Because dammit, he wasn’t giving up on going back to riding yet.
Zack squeezed the ball in his right fist, and his bicep muscle flexed painfully. He would call his daddy, but not today. Right now, he was going to have himself a beer and try to take a chill pill. Have a little patience like the therapist suggested. He relaxed his fist and the ball fell to bounce off the toe of his boot and roll under the table.

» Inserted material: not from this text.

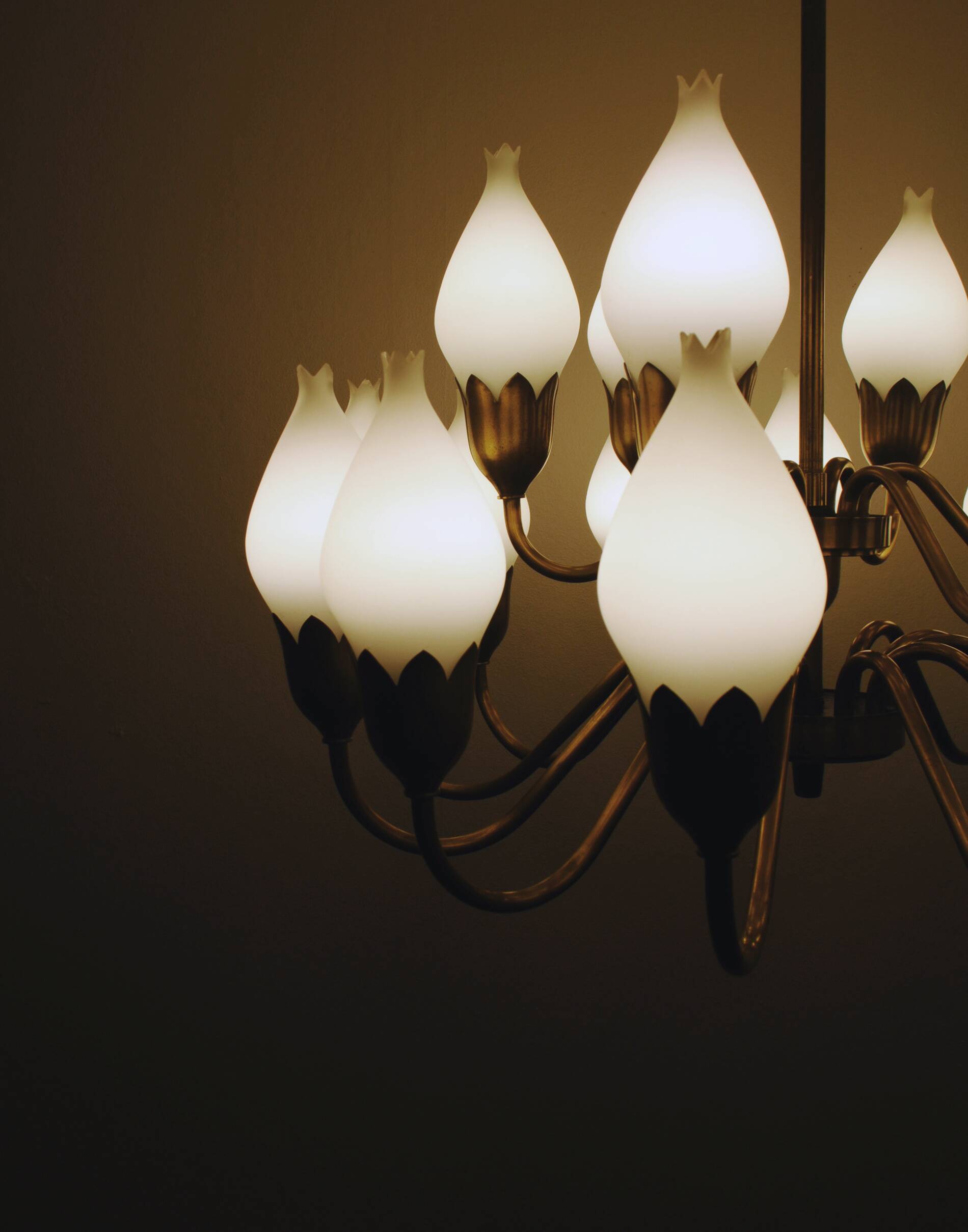 Fog & Mørup 18-Arm Brass and Opaline Glass Tulip Chandelier
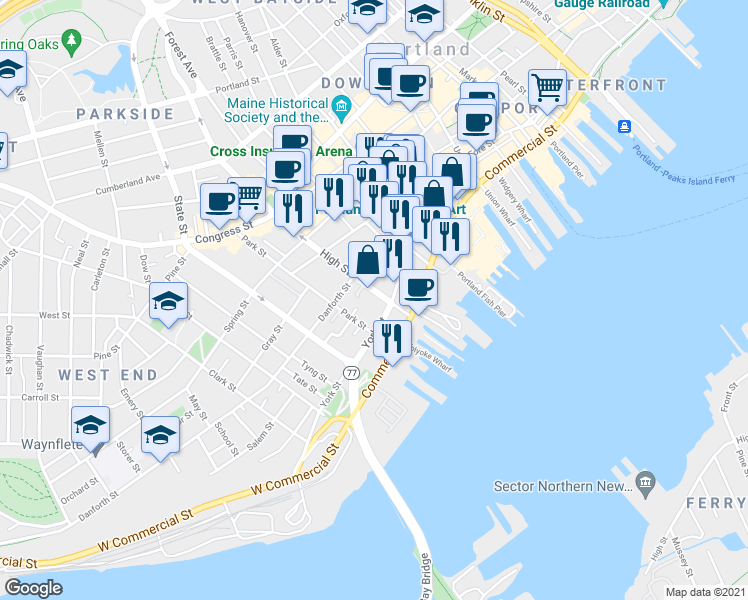 map of restaurants, bars, coffee shops, grocery stores, and more near 27 High Street in Portland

Zack removed the ice pack from his arm and sat it on the table, then stood.
“I thought I told you to stay on that sofa,” Heather growled, turning toward him, wiping her hands on a dishtowel. “Since you’re up though, make yourself useful.” She shoved a strand of dark hair from her flushed face with the back of her wrist. “Get the pack of steaks out of the freezer.” Turning back toward the counter, her whole body shook as she wiped the counter with the green and orange striped rag. This woman was a cleaning machine. He’d never seen a woman so worried about cleanliness. Not even his mother, whom he thought was the queen of clean.
“You spent money you don’t have on steaks?” he asked incredulously, as he walked to the refrigerator and opened the freezer door. Next week, he’d add some money to her check for groceries. He hadn’t even thought about that, or the money she must be spending on gas in that gas guzzler truck to take him to therapy three times a week.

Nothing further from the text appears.